> _Task_
Pictures aside, repeat the listing below exactly.
*** Supplied records Section Begins ***
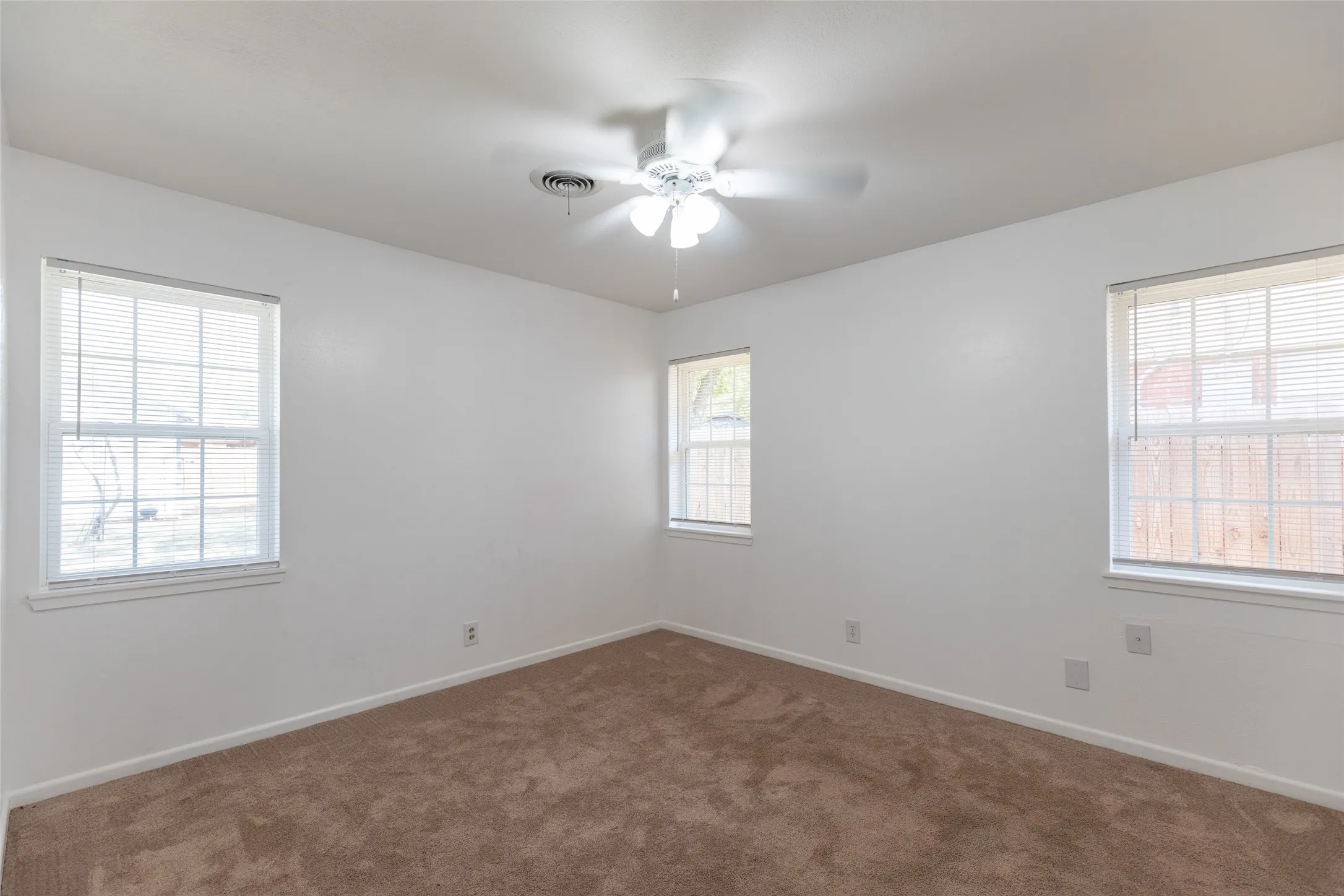 Single Family Residence For Sale in Taylor County , 2001 Minter Lane, Abilene, Texas 79603, 3 Bedroom, 2 Bathroom, 2 Garage spaces, 1,802 Sqft, built in 1962, mls#21378404, Real Estate Agent in Abilene, Homes For Sale in Taylor county, Homes For Sale in Abilene, Realtor in Abilene Texas, Real Estate Brokerage Independent Realty Texas, Luminita Cordes Realtor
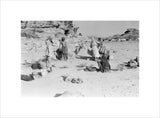 Qahtan men loading up their ...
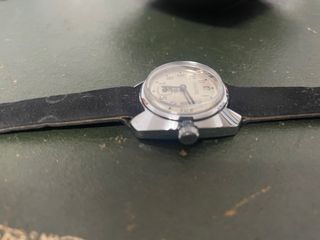 Reloj Bassel 17 rubíes cuerda manual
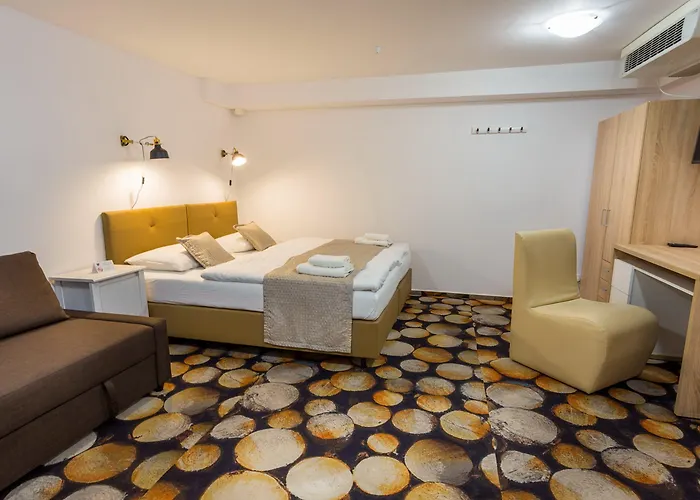 Botel Grand Jules - Boat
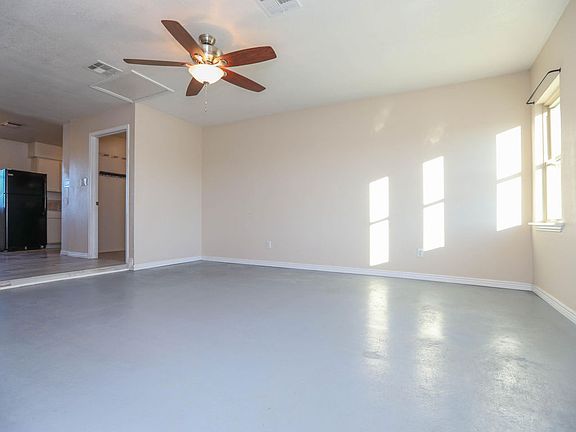 2nd image of 1269 Southwestern Dr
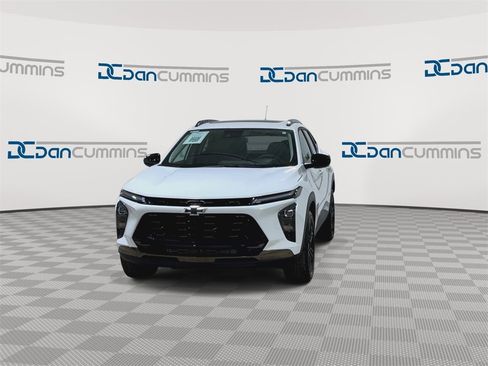 Certified 2026 Chevrolet Trax ACTIV w/ Sunroof Package image 4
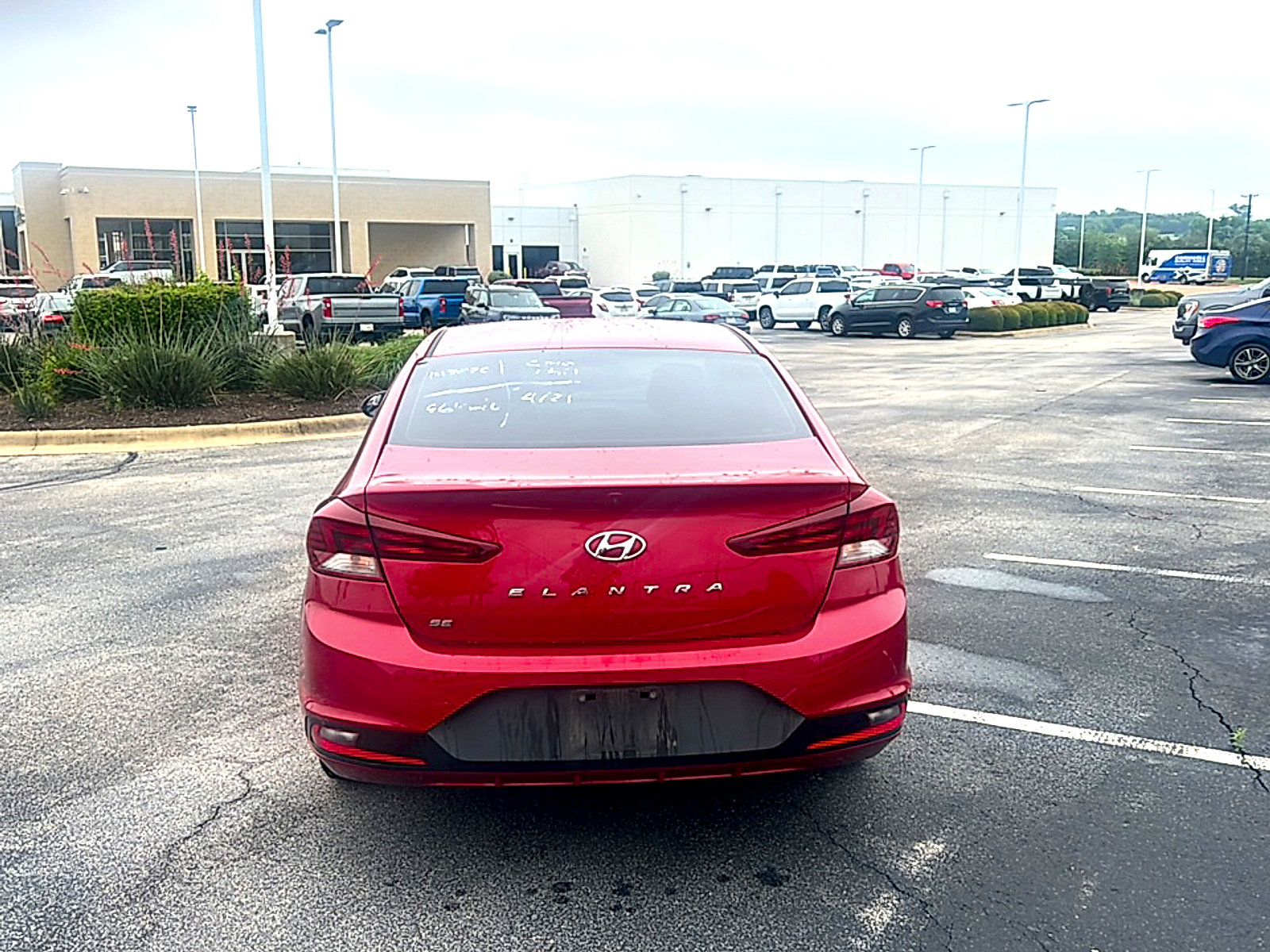 Used 2019 Hyundai Elantra SE FWD image 6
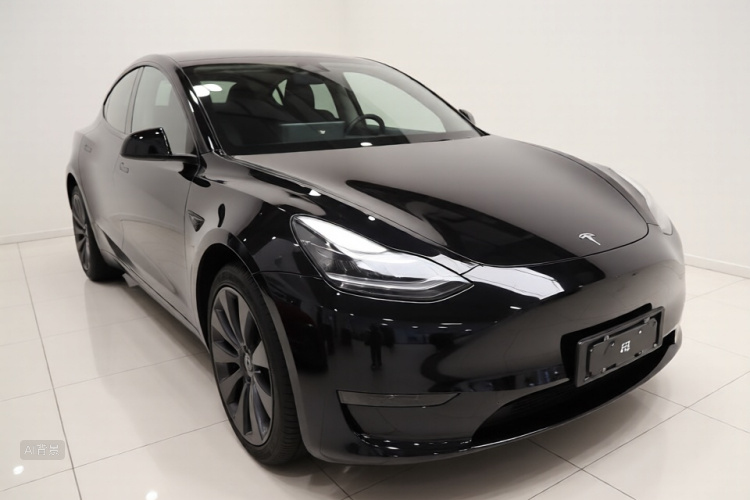 Tesla Model Y 2021 #4 Tesla Model Y 2021 car image #4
*** Supplied records Section Ends ***
> _Solution_
 Single Family Residence For Sale in Taylor County , 2001 Minter Lane, Abilene, Texas 79603, 3 Bedroom, 2 Bathroom, 2 Garage spaces, 1,802 Sqft, built in 1962, mls#21378404, Real Estate Agent in Abilene, Homes For Sale in Taylor county, Homes For Sale in Abilene, Realtor in Abilene Texas, Real Estate Brokerage Independent Realty Texas, Luminita Cordes Realtor
 Qahtan men loading up their ...
 Reloj Bassel 17 rubíes cuerda manual
 Botel Grand Jules - Boat
 2nd image of 1269 Southwestern Dr
 Certified 2026 Chevrolet Trax ACTIV w/ Sunroof Package image 4
 Used 2019 Hyundai Elantra SE FWD image 6
 Tesla Model Y 2021 #4 Tesla Model Y 2021 car image #4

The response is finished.